Main task was not messing up “big story” of poet Blatný, says Magnesia litera winner Martin Reiner

Martin Reiner, photo: CTK

The top Book of the Year prize at the prestigious Magnesia litera awards has just gone to Básník, or Poet, which is subtitled A Novel about Ivan Blatný. The book – which had already picked up other major Czech literary honours – is the magnum opus of Brno-based author Martin Reiner. The day after the prize ceremony in Prague, I asked the writer what had drawn him to Blatný, who spent much of his life in psychiatric care in the UK.

Martin Reiner, photo: CTK
“When I first encountered Ivan Blatný’s poetry it was another space, absolutely something else. I was enchanted.

“The second thing is the story. I knew he was banned for 40 years. He was persona non grata. I never heard of him until I was 22.

“Suddenly I knew that the guy is alive, he is living somewhere.

“In the city where I lived and in the city where I was born and which I loved, which means Brno, there were people who knew him as a young men and I could meet them. It was just fascinating.”

Your novel is a major work. You began doing research into his life and work 30 years ago, I believe, and I was reading that you started working on the book in the year 2000. What took you so long?

“The search for the form. I knew the story was just great. My task, which I was called to, was not to mess it up.

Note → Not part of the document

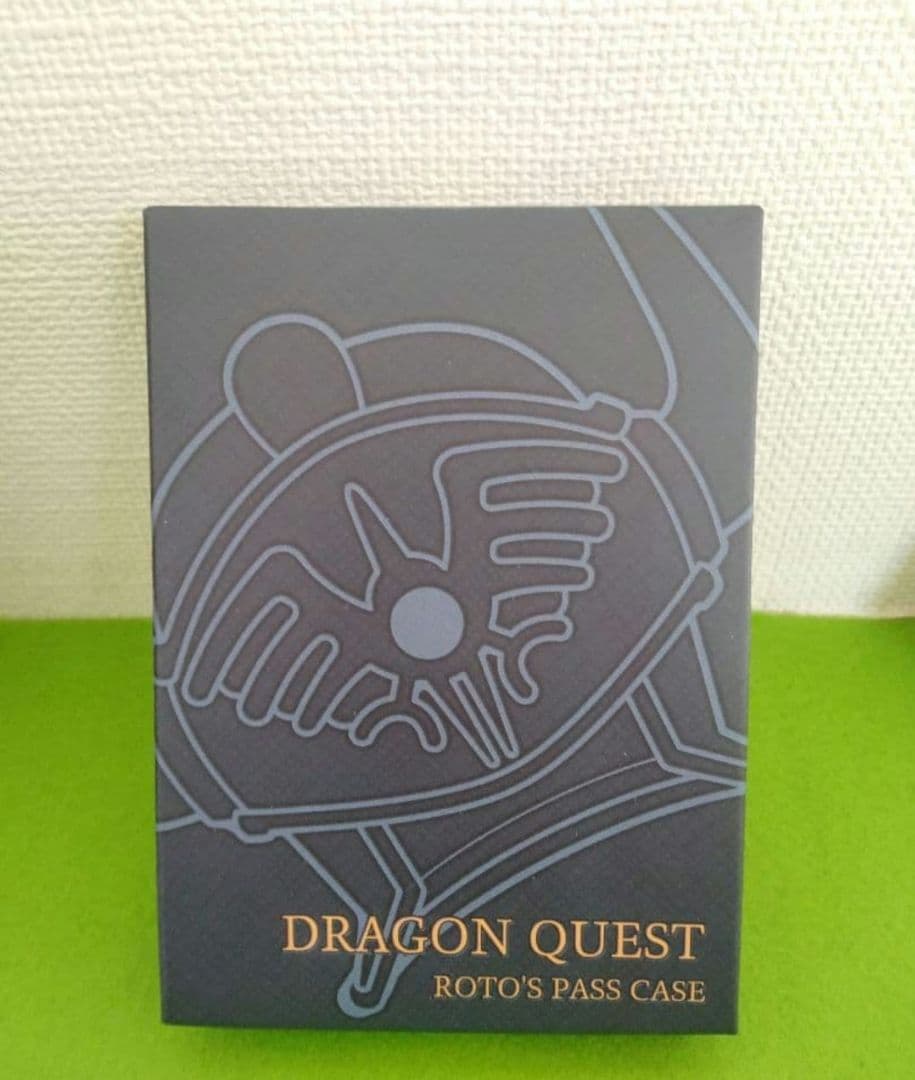 ドラゴンクエスト　大人になった勇者のための装備　ドラクエ　新品未開封　 ロト装備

“I tried to find the best possible form as to how to tell people the story. I tried many different ways.”

So basically you tried out all kinds of different approaches?

“Yes. One version was a purely fabulated story, the way Feuchtwanger did it, or Zweig and many others.

Photo: Torst
“There was another try in which the main hero was the one who was searching for Ivan Blatný. It was like two novels in one.

“So yes, I had a couple of serious tries until I found the best possible way.”

Did you try to write a biography of him, not a novel?

“In 1989, 1990, I was about to sign a contract with a publishing house to write a monograph of Ivan Blatný.

“Then it turned out that there was another monograph, from the pen of Jan Marius Tomeš, who used to be a friend of Ivan Blatný.

“Of course I said, Jesus, he’s the man who has the best right to publish this book.

“But not even Jan Tomeš knew the English part of the life story of Ivan Blatný. And I knew that it must be told.

“That’s why 10 years later, it was in 2,000 actually, I decided to write a novel.”

Ivan Blatný, photo: archive of Martin Reiner
Blatný was banned under communism. He wasn’t very well known, as you were saying, when you were young. Do you think he is sufficiently appreciated today in the Czech Republic?

“As a person? Or his poetry?”

Either.

“Well, definitely he is one of the best known poets in the country.

“Unfortunately poetry itself is not a favourite genre or medium nowadays. People like to go to musical productions and watch the TV and movies maybe.

“Yet Ivan Blatný has a story. A big story. Which is something that draws people to his poetry.”